The following picture shows the Ambiguity function contour-plot of a Barker-Code with 7 Chips.

Ambiguity function of a Barker-Code with 7 Chips

My problem is that I don't fully understand how to read it.

If I take the 0Hz Doppler-cut, I get the expected, ideal barker autocorrelation. Now consider a target which moves with a fixed velocity. In order to calculate the doppler frequency $f_d$ I can apply the following formula:

$$ f_d = \frac{\Delta v}{c} f_0$$

with $\Delta v$ being the (relative) velocity of the target, $c$ being the velocity of the medium (or the waves in the medium) and $f_0$ being the emitted frequency.

Now my problem is, that a barker code is not just built up by a single frequency which I could use as value for $f_0$. The barker code has a whole spectrum of frequencies (fft). This also means that I have to look at a bunch of doppler frequencies istead of looking just at one, right?....

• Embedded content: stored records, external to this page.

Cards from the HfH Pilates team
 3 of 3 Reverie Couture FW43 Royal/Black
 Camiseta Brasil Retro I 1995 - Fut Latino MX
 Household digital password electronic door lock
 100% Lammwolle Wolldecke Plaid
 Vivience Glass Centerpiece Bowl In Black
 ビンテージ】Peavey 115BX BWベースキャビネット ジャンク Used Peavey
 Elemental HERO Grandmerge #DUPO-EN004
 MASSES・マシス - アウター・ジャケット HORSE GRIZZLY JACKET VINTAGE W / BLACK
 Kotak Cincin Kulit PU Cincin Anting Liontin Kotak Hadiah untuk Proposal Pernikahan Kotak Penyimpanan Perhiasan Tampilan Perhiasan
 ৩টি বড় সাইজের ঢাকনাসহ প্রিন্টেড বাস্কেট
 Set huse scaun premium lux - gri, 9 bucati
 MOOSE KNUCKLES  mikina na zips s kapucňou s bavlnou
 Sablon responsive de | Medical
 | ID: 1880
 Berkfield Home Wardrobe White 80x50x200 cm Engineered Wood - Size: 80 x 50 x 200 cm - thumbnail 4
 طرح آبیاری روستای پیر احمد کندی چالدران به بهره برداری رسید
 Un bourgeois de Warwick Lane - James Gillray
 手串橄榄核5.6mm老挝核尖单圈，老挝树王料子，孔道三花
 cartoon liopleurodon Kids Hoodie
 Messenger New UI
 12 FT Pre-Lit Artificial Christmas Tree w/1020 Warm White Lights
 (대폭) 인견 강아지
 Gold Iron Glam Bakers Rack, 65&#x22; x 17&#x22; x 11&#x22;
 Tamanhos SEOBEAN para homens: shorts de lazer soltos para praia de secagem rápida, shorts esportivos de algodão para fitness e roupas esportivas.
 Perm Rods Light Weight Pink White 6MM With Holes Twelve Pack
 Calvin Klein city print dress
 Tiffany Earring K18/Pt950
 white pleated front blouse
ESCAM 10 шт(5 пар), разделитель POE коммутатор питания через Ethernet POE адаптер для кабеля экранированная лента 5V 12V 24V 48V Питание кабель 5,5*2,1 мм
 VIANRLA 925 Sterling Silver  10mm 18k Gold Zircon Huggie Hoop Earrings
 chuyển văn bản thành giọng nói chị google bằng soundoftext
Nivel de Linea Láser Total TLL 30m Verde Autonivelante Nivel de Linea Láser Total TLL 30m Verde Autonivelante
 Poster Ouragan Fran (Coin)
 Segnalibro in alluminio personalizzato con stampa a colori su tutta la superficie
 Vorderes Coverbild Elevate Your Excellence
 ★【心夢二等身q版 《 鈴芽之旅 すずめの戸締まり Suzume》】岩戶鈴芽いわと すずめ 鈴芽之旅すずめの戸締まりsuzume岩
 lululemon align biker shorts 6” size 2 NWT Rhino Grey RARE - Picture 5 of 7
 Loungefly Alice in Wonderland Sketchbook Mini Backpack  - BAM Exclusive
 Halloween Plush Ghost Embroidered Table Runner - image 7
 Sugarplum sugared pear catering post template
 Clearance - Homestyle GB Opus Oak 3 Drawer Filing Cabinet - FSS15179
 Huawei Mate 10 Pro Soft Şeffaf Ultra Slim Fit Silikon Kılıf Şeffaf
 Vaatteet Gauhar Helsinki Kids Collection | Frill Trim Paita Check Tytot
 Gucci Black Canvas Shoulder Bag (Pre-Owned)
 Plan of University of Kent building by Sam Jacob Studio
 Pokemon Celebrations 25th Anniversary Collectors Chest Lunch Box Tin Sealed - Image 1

So I cannot just take, for instance the 20kHz doppler cut, to see what correlation result I can expect for a target with a certain velocity.

What frequency of my signal-spectrum do I need to use to calculate the doppler frequency?

In my particular case I do a BPSK-Modulation of a 13x13 (nested) barker code, before sending it out and calculate the matched-filter response on the received signal. In order to get an idea of how the matched-filter output looks, I would like to take a "doppler cut" at $f_d = ..$. But should I take the carrier-frequency as $f_0$ ? Or should I take the maximal frequency that I have in my spectrum as $f_0$? ($f_0$ is needed to calculate $f_d$)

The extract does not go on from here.